11.7 Were giant UFOs photographed in front of the Moon during Apollo 9?

IN A NUTSHELL: No. They’re the crosshairs of the sextant through which the photo was taken.


IN DETAIL: Many pro-conspiracy theory sites have shared a photograph, claimed to be from the Apollo 9 mission, which shows three oblique linear objects in front of the Moon. These objects are described as a “Fleet of three UFOs” (Figure 11.7-1).

Figure 11.7-1. The alleged UFO photograph as posted by Truedemocracyparty.net (2013).


This actually is a photograph taken by the astronauts during Apollo 9, which did not fly to the Moon but performed a series of critical tests in Earth orbit during a ten-day flight which began on 3 March 1969. The photograph is AS09-23-3500, which can be viewed at Jsc.nasa.gov, in the Project Apollo Archive or at Eol.jsc.nasa.gov. The direct scan of the original film is available at Arizona State University’s March to the Moon website.

However, the version presented by UFO enthusiasts has been heavily processed to enhance the linear objects in question. Figure 11.7-2 shows the full original, unprocessed photo.

Figure 11.7-2. Photo AS09-23-3500 without processing.


Figure 11.7-3 is a digitally processed version based on the TIFF scan available at March to the Moon.

Figure 11.7-3. Digital processing enhances the linear features in photo AS09-23-3500.


These linear objects definitely occur in the original image and have not been added later by someone.
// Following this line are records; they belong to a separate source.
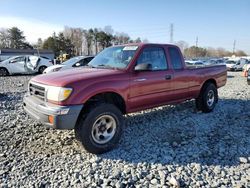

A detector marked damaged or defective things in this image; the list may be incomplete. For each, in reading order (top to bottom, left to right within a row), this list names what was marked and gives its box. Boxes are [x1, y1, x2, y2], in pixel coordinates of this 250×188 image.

damaged vehicle [0, 55, 52, 76]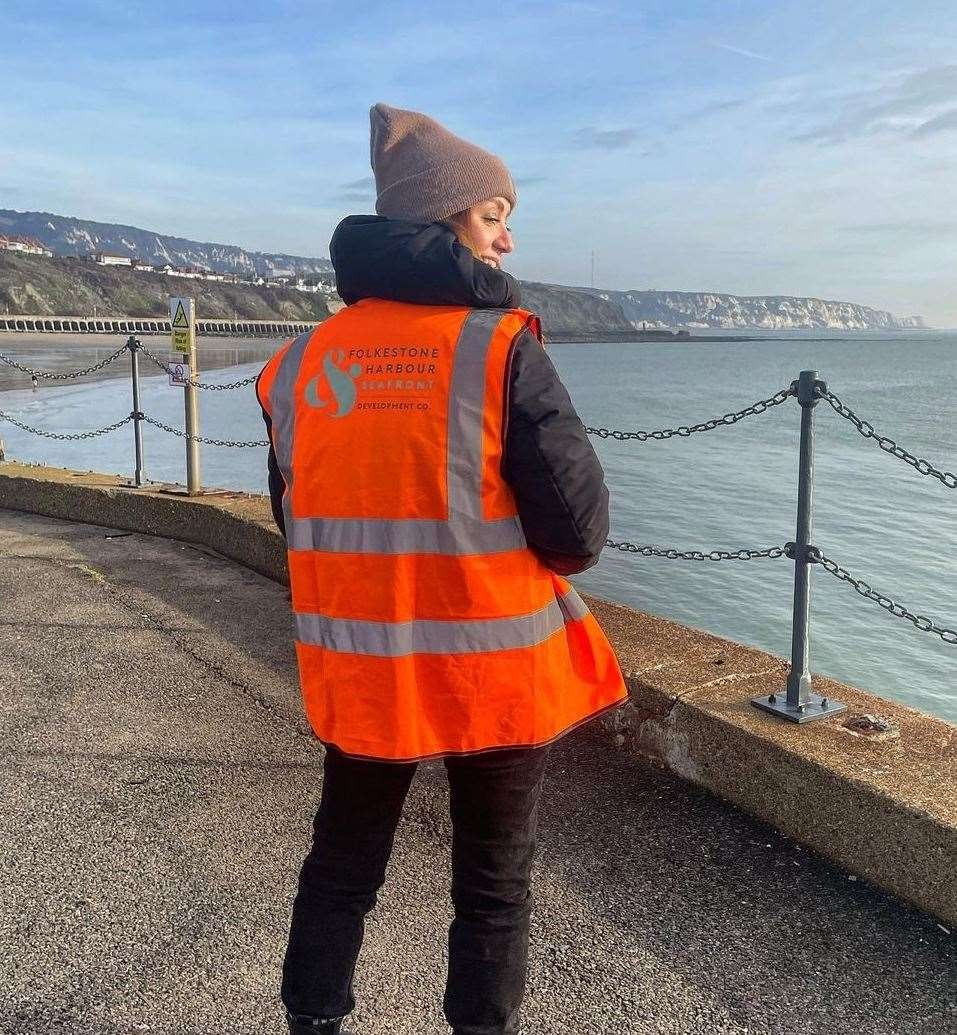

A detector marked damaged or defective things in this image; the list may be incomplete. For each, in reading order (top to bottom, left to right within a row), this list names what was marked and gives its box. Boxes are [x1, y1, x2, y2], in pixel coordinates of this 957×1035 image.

cracked concrete surface [1, 505, 955, 1030]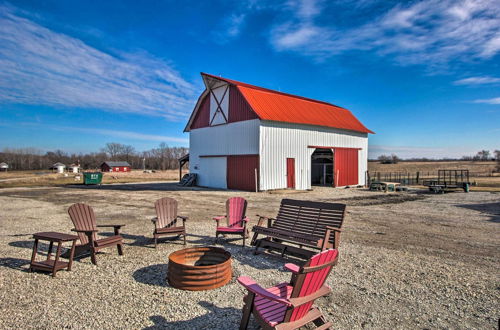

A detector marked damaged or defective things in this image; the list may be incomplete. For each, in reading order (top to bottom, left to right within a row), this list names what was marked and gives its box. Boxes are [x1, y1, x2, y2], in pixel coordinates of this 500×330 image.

rusty metal fire ring [167, 246, 231, 290]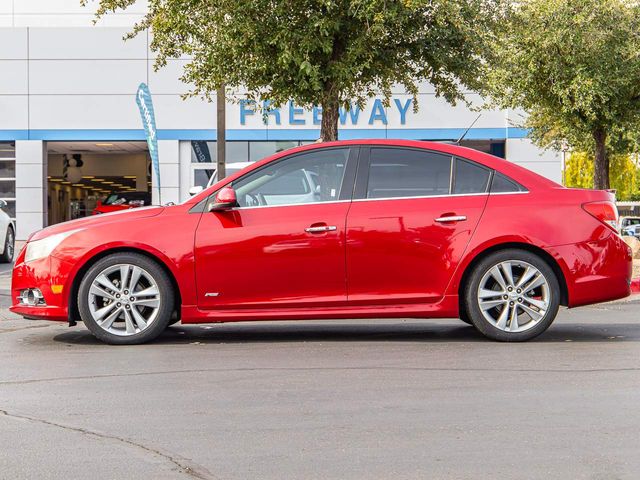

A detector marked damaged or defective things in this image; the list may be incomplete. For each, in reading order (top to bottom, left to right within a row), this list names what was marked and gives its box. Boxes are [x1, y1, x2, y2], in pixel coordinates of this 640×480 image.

pavement crack [1, 366, 640, 388]
pavement crack [0, 406, 218, 478]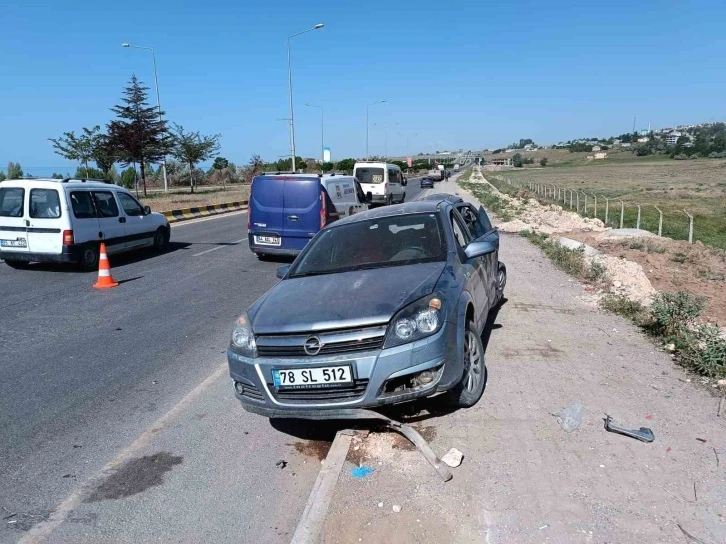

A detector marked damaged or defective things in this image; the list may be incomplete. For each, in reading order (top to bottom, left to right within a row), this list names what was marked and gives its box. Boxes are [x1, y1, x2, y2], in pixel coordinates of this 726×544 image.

damaged opel car [228, 198, 506, 418]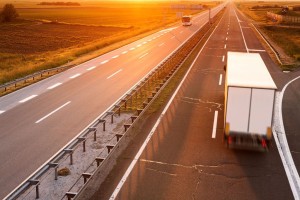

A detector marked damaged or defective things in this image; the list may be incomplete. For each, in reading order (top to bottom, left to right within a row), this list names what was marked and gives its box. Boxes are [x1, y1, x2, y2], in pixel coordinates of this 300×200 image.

cracked asphalt [84, 3, 296, 200]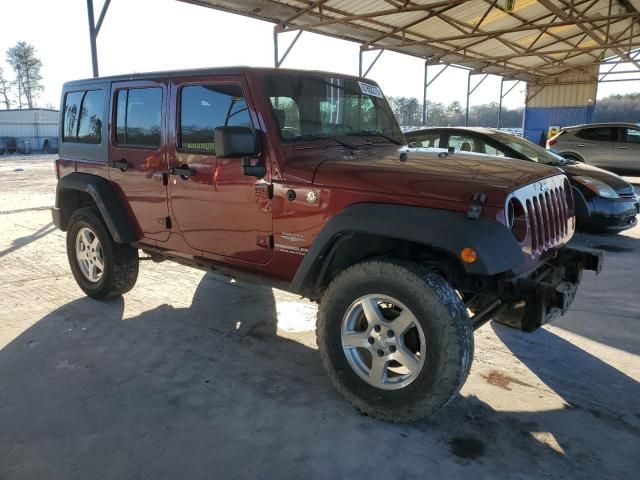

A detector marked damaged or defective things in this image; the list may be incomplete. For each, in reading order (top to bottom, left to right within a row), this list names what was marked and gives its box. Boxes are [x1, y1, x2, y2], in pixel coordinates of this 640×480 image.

damaged front bumper [468, 246, 604, 332]
damaged front bumper [492, 248, 604, 330]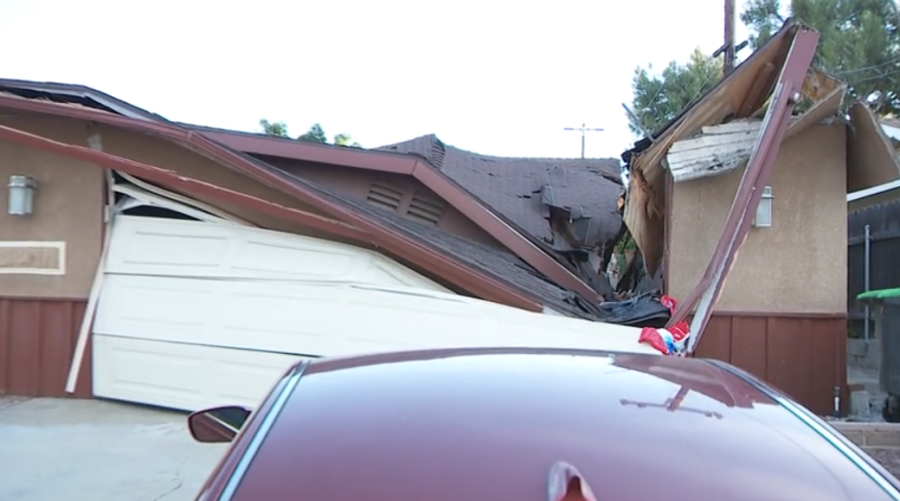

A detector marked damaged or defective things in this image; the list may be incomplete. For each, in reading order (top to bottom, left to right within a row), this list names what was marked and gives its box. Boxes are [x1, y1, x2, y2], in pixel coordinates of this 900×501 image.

damaged roof [376, 135, 624, 252]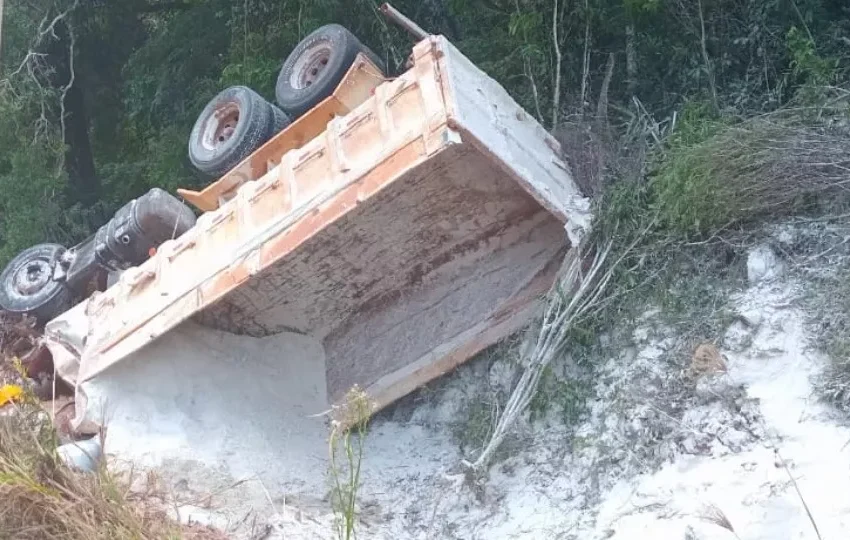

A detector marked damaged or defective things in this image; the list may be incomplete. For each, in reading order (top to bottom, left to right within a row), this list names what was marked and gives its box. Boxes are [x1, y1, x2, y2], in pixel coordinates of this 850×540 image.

overturned truck [1, 11, 588, 430]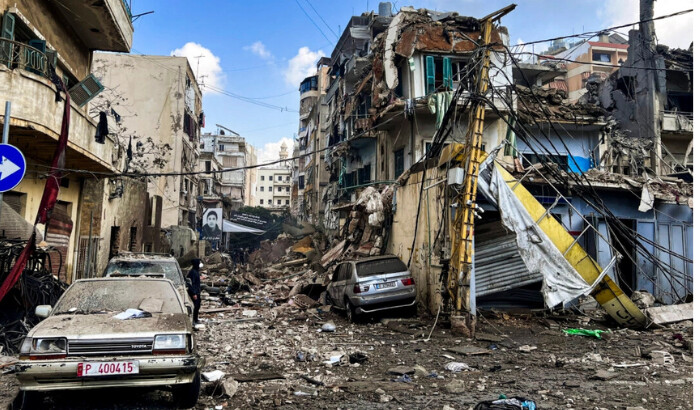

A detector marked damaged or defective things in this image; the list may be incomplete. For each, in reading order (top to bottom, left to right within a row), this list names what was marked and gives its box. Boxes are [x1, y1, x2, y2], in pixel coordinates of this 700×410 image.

damaged apartment building [298, 2, 692, 314]
damaged white sedan [15, 278, 205, 408]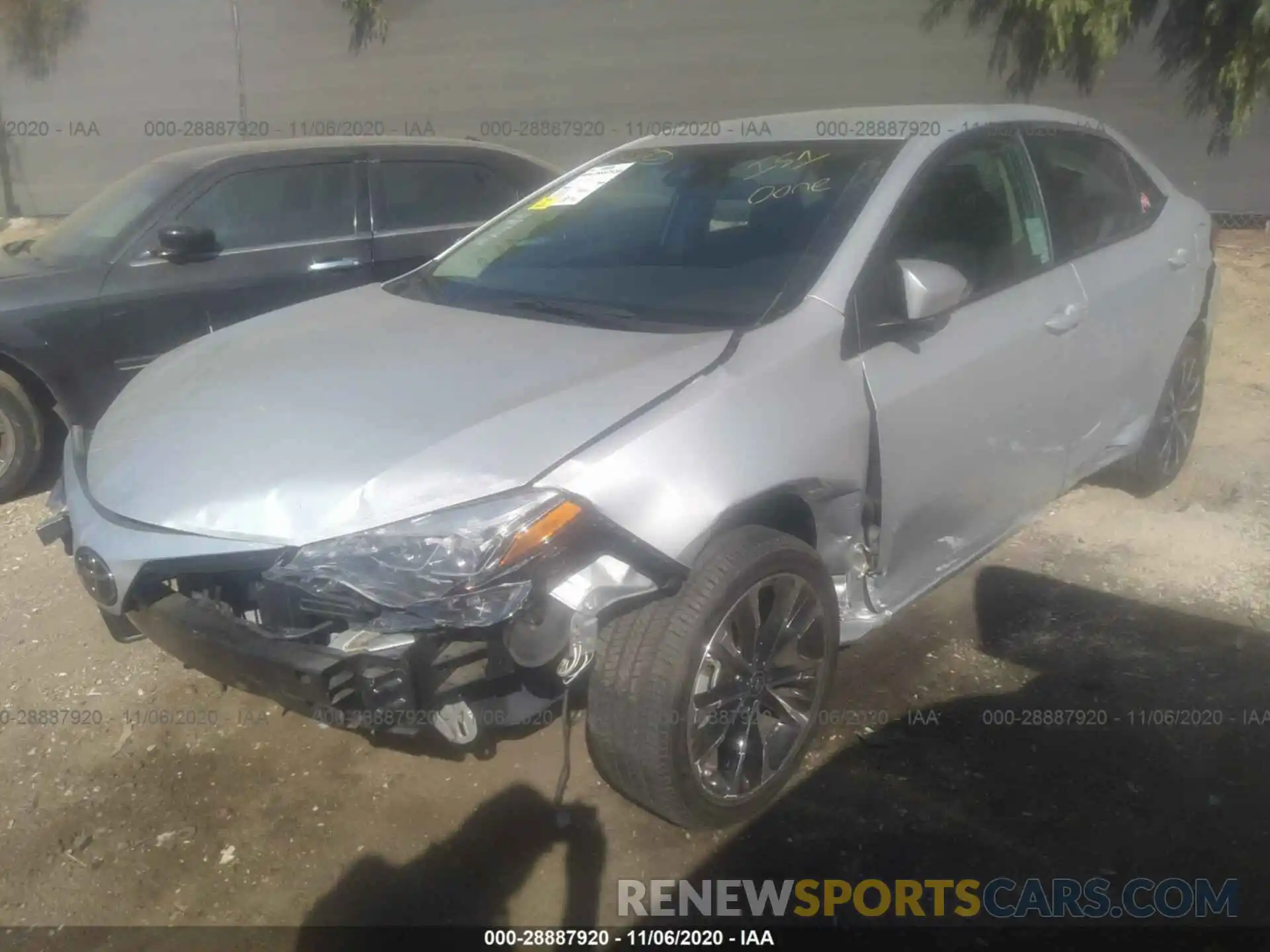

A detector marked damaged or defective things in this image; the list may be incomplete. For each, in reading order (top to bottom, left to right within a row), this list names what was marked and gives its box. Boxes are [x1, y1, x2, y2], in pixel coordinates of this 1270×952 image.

crumpled hood [87, 286, 726, 543]
broken headlight assembly [261, 487, 594, 637]
damaged silver car [42, 108, 1219, 832]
However, understanding their real nature requires knowing the context in which the photograph was taken and making a few deductions.

According to NASA’s Apollo 9 photograph catalog, the picture was taken at 21.50 GMT on March 10, 1969, and is described tersely on page A-94 as  “Lunar view”.

The GAPE catalog reports that the photo was taken with an 80-mm lens: the same one used for the other photographs on the same film spool, including the ones taken directly before and after, which show views of the Earth (Figure 11.7-4).

Figure 11.7-4. Photos taken before and after AS09-23-3500, which is the first on the left in the third row.


However, a photograph taken with an 80-mm lens from Earth orbit would not have yielded such a large image of the Moon, especially with medium-format Hasselblad cameras such as those used on Apollo 9 (which used 70-mm film). This means that AS09-23-3500 was taken with a high-magnification lens. But there were no suitable telephoto lenses on board Apollo 9.

It turns out that Apollo 9 actually had a sort of high-magnification lens: the one fitted to the sextant used to determine the position and attitude of the spacecraft with respect to the stars, as explained in a NASA video (Figures 11.7-5 and 11.7-6). This sextant had a 28x lens.

Figure 11.7-5. The Apollo sextant in a NASA informational video.


Figure 11.7-6. An Apollo sextant on display at the National Air and Space Museum. Credit: Doug Adler, Astronomy.com.


This sextant had a sighting reticle, shown in Figure 11.7-7, formed by lines arranged in a cross-like configuration. One of the arms of this cross was formed by two parallel lines. This shape matches quite closely the arrangement of the linear objects in AS09-23-3500. If you look at the photograph carefully, moreover, you’ll notice that there are two highly blurred lines at right angles to the three darker ones.

Figure 11.7-7. The reticle of the Apollo sextant, as shown schematically in a NASA video.


In other words, the most plausible explanation for the mysterious linear objects is that the photograph was taken through the sextant’s lens by placing the camera’s lens against the eyepiece of the instrument. This inevitably included the sextant’s reticle in the frame. The camera moved slightly during the shot, more or less in the same direction as the three darker lines, and therefore blurred the perpendicular ones.

Figure 11.7-8. The reticle of the Apollo sextant compared with a detail of AS09-23-3500.


The option of taking photographs through the eyepiece of the sextant had been  explicitly planned and was actually used at least once during Apollo 14 for the similar COAS system installed in the Command Module.

The alleged “fleet of UFOs”, therefore, is not a cluster of giant extraterrestrial spacecraft but almost certainly set of tiny reticle lines of the sextant through which this unscheduled photo of the Moon was taken.*

* A more detailed version of this analysis is available in the article Nufologia: il mistero delle linee davanti alla Luna di Apollo 9 (in Italian) by the same author (2019).